Das KCWI-Spektrometer ist speziell darauf ausgelegt, die Lyman-Alpha-Strahlung kosmischen Wasserstoffs einzufangen. Weil diese je nach Entfernung ihrer Quelle in unterschiedlichem Maße in den roten Bereich des Spektrums verschoben ist, scannt das Instrument den Himmel in einem breiten Spektralbereich von 350 bis 560 Nanometer Wellenlänge ab. Durch die Kombination vieler 2D-Aufnahmen mit verschiedenen Ausschnitten des Spektrums können die Astronomen eine dreidimensionale Karte das Wasserstoff-Gasströme erstellen.
Für die aktuelle Studie beobachteten Martin und sein Team einen Himmelsausschnitt, der zwischen zehn und zwölf Milliarden Lichtjahre von uns entfernt liegt. Vergleichsaufnahmen verschiedener Himmelsbereiche halfen dabei, das von anderen Quellen stammende diffuse Lyman-Alpha-Hintergrundleuchten vom Signal des kosmischen Netzwerks zu trennen.
3D-Karte ferner Filamente und Galaxien
Das Ergebnis ist eine 3D-Karte, die zahlreiche Gasfilamente und Galaxien in diesem Ausschnitt des frühen Kosmos sichtbar macht. „Die Lyman-Alpha-Emission zeigt die fädige Morphologie der die Galaxien verbindenden Filamente, ähnelt in ihrer Struktur den gängigen Absorptionsspektren des Lyman-Alpha-Walds und stimmt in ihrer Verteilung mit bekannten Häufungen von Galaxien überein“, berichten Martin und seine Kollegen.

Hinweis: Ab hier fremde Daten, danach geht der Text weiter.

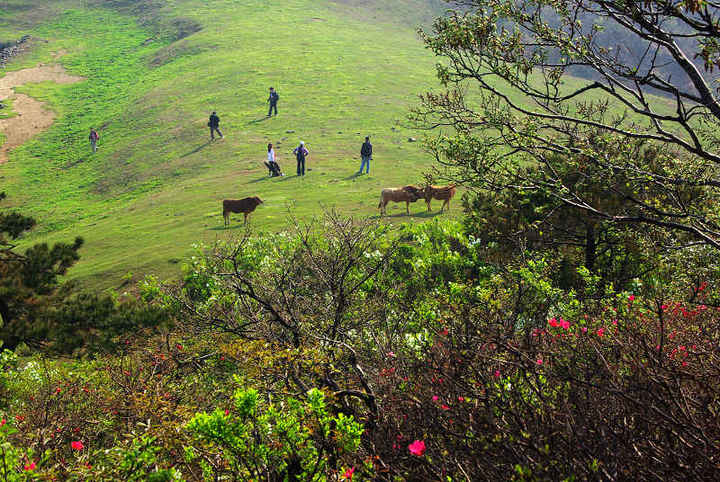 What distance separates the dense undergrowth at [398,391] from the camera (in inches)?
164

Dies lege nahe, dass die von ihnen kartierten Emissionen direkt vom kosmischen Netzwerk stammen. „Vor diesen Beobachtungen haben wir die Filament-Strukturen des Kosmos immer nur dann gesehen, wenn sie sozusagen von einer Lampe angestrahlt wurden“, erklärt Martin. „Jetzt sehen wir sie endlich ohne die Lampe. Damit haben wir nun eine ganz neue Möglichkeit, das Universum zu erkunden.“
Auf der Spur der Strukturbildung im Universum
Wichtig ist die genaue Kartierung der kosmischen Filamente, weil ihre Anordnung Rückschlüsse über die Mechanismen der frühen Strukturbildung im Universum erlaubt. Als wichtige Nachschub-Lieferanten für die Sternbildung spielen diese Gasströme zudem eine entscheidende Rolle für die Galaxienentwicklung. Gleichzeitigt steckt in diesen zarten Gasverbindungen ein Großteil der Materie im Kosmos. „Das kosmische Netz zeigt uns die Architektur unseres Universums“, sagt Martin. „In ihm steckt die meiste normale Materie und es verrät auch, wo sich die Dunkle Materie verbirgt.“
Die Astronomen sind bereits dabei, ihr KCWI-Spektrometer um einen zweiten, noch stärker in die roten und infraroten Wellenlängen reichenden Teil zu ergänzen. „Mit diesem Keck Cosmic Reionization Mapper (KCRM) können wir dann noch weiter in die Vergangenheit zurückschauen“, erklärt Martins Kollege Mateusz Matuszewski. „Dies wird uns mehr über die weiter entfernten Filamente und die Ära verraten, in der sich ersten Sterne und Schwarzen Löcher bildeten.“ (Nature Astronomy, 2023; doi: 10.1038/s41550-023-02054-1)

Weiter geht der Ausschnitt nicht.